Nature Walk Springboard Activities
Build anticipation for the nature walk with these activities.
- make a pond viewer
- make a juice bottle bug catcher
- make a grass sweeper from a pillowcase
- make a butterfly feeder
- make suet and hang it for the birds
- dissect a flower, leaf, seed pod or (dead) insect
- make a rain catcher or anemometer and keep a record of your findings
- read novels that have nature themes (3 of my favorites are Kildee House by Rutherford G. Montgomery, My Side of the Mountain by Jean Craighead George, and Hatchet by Gary Paulsen.)
- make a nature walk backpack or tote with things like a journal, magnifying glass, binoculars, bug catcher, etc.
- make a bow and arrow
- make a slingshot
- read the Christian Liberty Nature Readers or other classic nature readers
- start a library of field guides and The Handbook of Nature Study
- make or buy a bird feeder and fill it with food for the birds in your neighborhood
- start an indoor garden with kitchen castoffs
- For mom — read Last Child in the Woods: Saving Our Children from Nature Deficit Disorder by Richard Louv
Nature Walk Explorations
Most children will come up with their own ideas for play, but if they need a nudge, here are some great ideas.
- make leaf art on the ground
- make stone stacks (cairns)
- in the fall, organize leaves by color, making gradients, rainbows, and color wheels (as best you can)
- collect river rocks
- catch small fish, insects and butterflies; study and release them
- catch tadpoles; take them home to raise to polliwogs and frogs
- make leaf rubbings
- leave sugar grains or bread crumbs near an anthill and watch the ants take the food into their nests
- look at birds, squirrels or other far away animals through binoculars
- identify bird calls
- use a scavenger hunt list and make a collection of items to take home
- use your shadows to enact silly plays; use what you find in nature as props
- make fairy homes
- take a color wheel or paint chips along and match real items from nature to the colors you have
- lash structures from sticks and logs you find in the woods (take along twine or rope)
- build a fire and cook on it
- climb a tree
- build a fort or erect a makeshift tent
- identify constellations
- watch an eclipse (safely, of course)
- sketch what you see outside
- go on a cloud hunt
- splash in puddles
- catch fireflies at night
- catch grasshoppers
- blow bubbles that freeze (in the winter)

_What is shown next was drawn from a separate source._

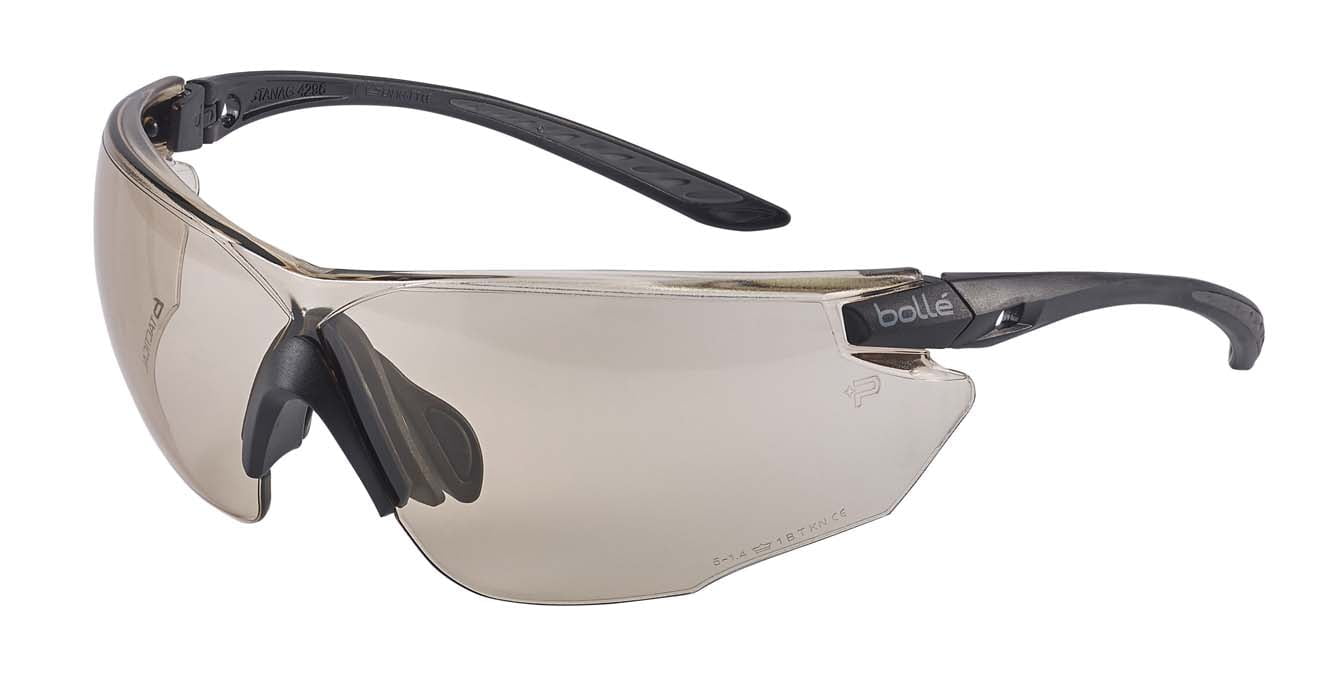 Bolle Combat Tactical Safety Glasses Kit COMBKITN (Black Frame) (Clear, Copper CSP & Smoke Lenses)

- make stick boats and float them in water
- have stick sword fights
- shoot rocks with a slingshot or skip stones on water
- document your nature walk by taking photographs
- make mud pies
- build a snowman or ice fort/igloo
- draw or write in the sand or snow
- build a sand castle
- dig holes and see what’s underground
- examine a small area of the ground in detail
- find examples of symmetrical and asymmetrical things in nature
- make up stories about the natural places you discover (include trolls, fairies, sprites, and brownies, of course!)
- create a natural obstacle course or race track and time each other as you go through it
- wear a nature bracelet — put duct tape, sticky side out around your wrist and see what you collect on your walk
- get “lost” and use a compass to find your way back
- go barefoot and feel the grass, sand, water, etc. with your feet and toes
- look at things in detail with a magnifying glass
- preserve a spider’s web on black construction paper
- make plaster casts of animal tracks
- take the nature walk in your socks and then study what is stuck to them
- close your eyes and listen; identify as many sounds as you can
- lie on the ground and find images in the clouds; make up stories about them
- make bark rubbings with crayons
- roll or sled down hills
- lay a white sheet under a tree and shake it; study what you find
- play pick up sticks with sticks you find
Nature Walk Follow Up Activities
Once you are back home, extend the nature fun with these post-nature walk ideas.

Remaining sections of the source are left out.